To summarize, in order to maintain the battery in a good working condition as well as maintain the heat pump system to keep high thermal performance in a low-temperature environment, this paper proposes battery thermal management coupled with vapor injection heat pump air conditioning as the focus of research. The first part of this article is to model the battery thermal management coupled with vapor injection heat pump air conditioning system using KULI 16.1, including setting the parameters of its components, the second part is the selection of refrigerant varieties, and the third part is to analyze the effect of compressor speed change and ambient temperature change in the system’s heating performance and battery cooling performance using the single-variable method in the KULI lab software.

2. Materials and Methods

2.1. Establishment of Simulation Model of Battery Thermal Management Coupled with Vapor Injection Heat Pump Air Conditioning (AC)

KULI achieves vehicle thermal management simulation through parameter settings among components and between components and the system [13]. It employs semi-empirical formulas to construct models based on the principles of thermodynamics and heat transfer, followed by simulations based on user data.
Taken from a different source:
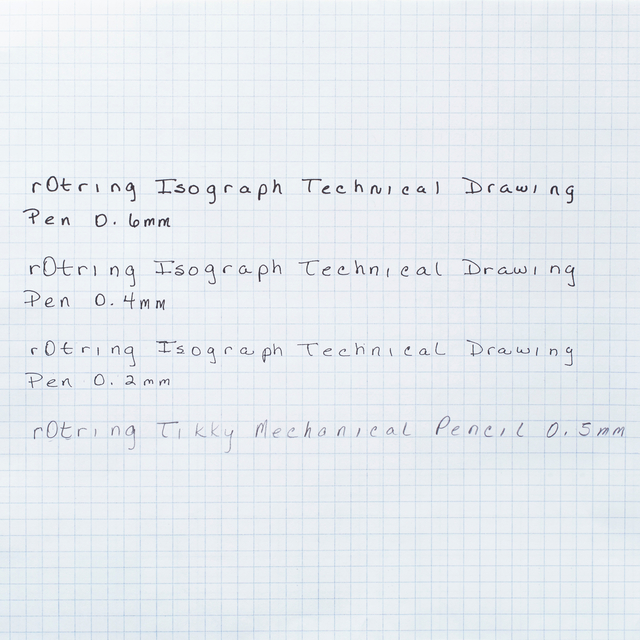 Tekenset rOtring Isograph 7-delig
The software is divided into five modules based on functionality: the HVAC module is applied for simulating air conditioning systems; the base module includes components such as radiators and fans for cooling systems; the advanced module is employed for collaborative simulations with other software; the drive module is used to simulate transient vehicle conditions; and the component module assists users in constructing additional elements [14]. Through the simulation with KULI16.1 software, the complete model includes the cooling and heating loop of heat pump air-conditioning and the cooling and preheating loop of the battery pack. The working principle of the system is shown in Figure 1:

Different from the traditional single-stage compression heat pump air-conditioning, vapor injection heat pump air-conditioning increases the refrigerant flow through the whole system by adding an auxiliary pipe line, When the refrigerant passes through the indoor heat exchanger, the refrigerant splits into two, one way flows to the economizer, and another way flows to the 1st expansion valve, which is called the injection route, after passing through the economizer. After the high temperature refrigerant is exchanged with the low-temperature refrigerant at the economizer, the refrigerant flowing to the outdoor heat exchanger gains subcooling, the refrigerant flowing to the storage tank gains superheat, and the refrigerant gaining superheat meets with the refrigerant in the heating route, ultimately flowing to the storage tank and the compressor. The addition of the auxiliary pipeline produces further subcooling and improves the system’s ability to absorb more heat at low-temperatures, and the injected vapor prevents the refrigerant flow back to the compressor from being insufficient due to the low ambient temperature, and thus, weaken the heat capacity of the compression mechanism. In addition, in the low-temperature environment, the outdoor heat exchanger is susceptible to frosting, leading to a diminished heat exchange capacity. To address this issue, the cooling water within the pipeline undergoes an initial heat exchange process with both the battery and the indoor heat exchanger via the secondary water pump within the battery circuit. Subsequently, this pre-conditioned coolant is directed to the outdoor heat exchanger via the primary water pump, facilitating heat exchange and defrosting. This battery circuit serves a dual purpose by preventing excessive heat emanating from the battery that may disrupt normal operations, while concurrently enhancing the heat exchange capability of the outdoor heat exchanger in low-temperature environments.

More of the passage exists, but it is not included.